Tips on achieving good miter joints when working to fine tolerances. October 25, 2006
I recently had a lot of trouble building a simple square picture frame. The problem was with the miters. Does anyone have any tricks on how to cut perfect miters, to form a perfect square, with no gaps? I was using Oak trim and a Dewalt tilt and slide miter saw.
(Cabinet and Millwork Installation Forum)
From contributor A:
Make your first cut on two pieces then check with a square to make sure your saw is cutting properly. If it is, then make the second cut on each piece of identical length stock from a stop.
From contributor B:
I use a Hitachi 8-1/2" slider. It is old, going on 16 yrs now. It is the best saw I've ever owned. But it still won't cut a perfect miter in material wider that 3" without a small bow in the cut. I have tried to correct it to no avail. So I spent 2 hours making a perfect 45º jig for my tablesaw. It seems like an easy jig to make but 45º is hard to get. When you are making the jig, start with a metal runner for the slot piece. Then use a piece of 1/2" Baltic/Russian birch for the bed. Take another piece about 2" wide, make sure it is straight! And using a 45º guide or compass, screw it to the bed. On the end nearest the saw blade try to get the screw in the center of the board and close to the end as this is going to be a pivot point for fine tuning your jig.
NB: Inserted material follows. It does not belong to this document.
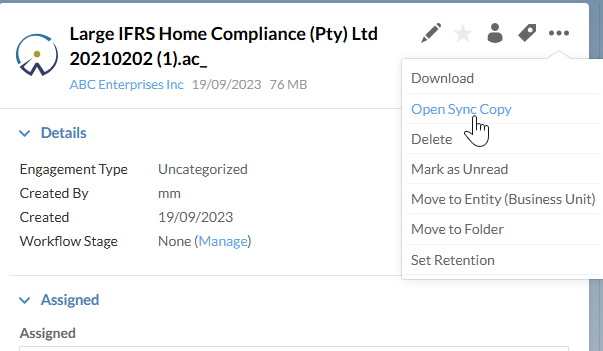 Migrated files in the Working Papers view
Now make a 4" strip of material, and again, make sure it is straight! Cut it into 4 pieces using your out of alignment jig. Start with the pieces at about 6-7" from point to point. Use a stop to make them all the same length, flipping them to get opposite miters. Now assemble your test frame. Is it perfect? Probably not, that's OK. Depending on if the inside is open or the outside, adjust the fence by removing the screw from the end farthest from the saw blade and pivot the fence ever so slightly in the direction that will close the gap. Now re-install the screw in a close but different section of the fence, and try again. Keep at it using the same test pieces, just trimming them slightly and using a stop to keep them all the same length (important). Sooner or later you will stumble upon 45º. At this point load the fence with screws so you never lose the alignment you worked so hard to get. Now you have a perfect 45º jig. Don't lose it or you will have to do this all over again. By the way, you'll probably need to do it again anyway for the opposite 45º so you can cut profiled material that you cannot flip. I love mine, it is so nice to make 8 cuts and assemble.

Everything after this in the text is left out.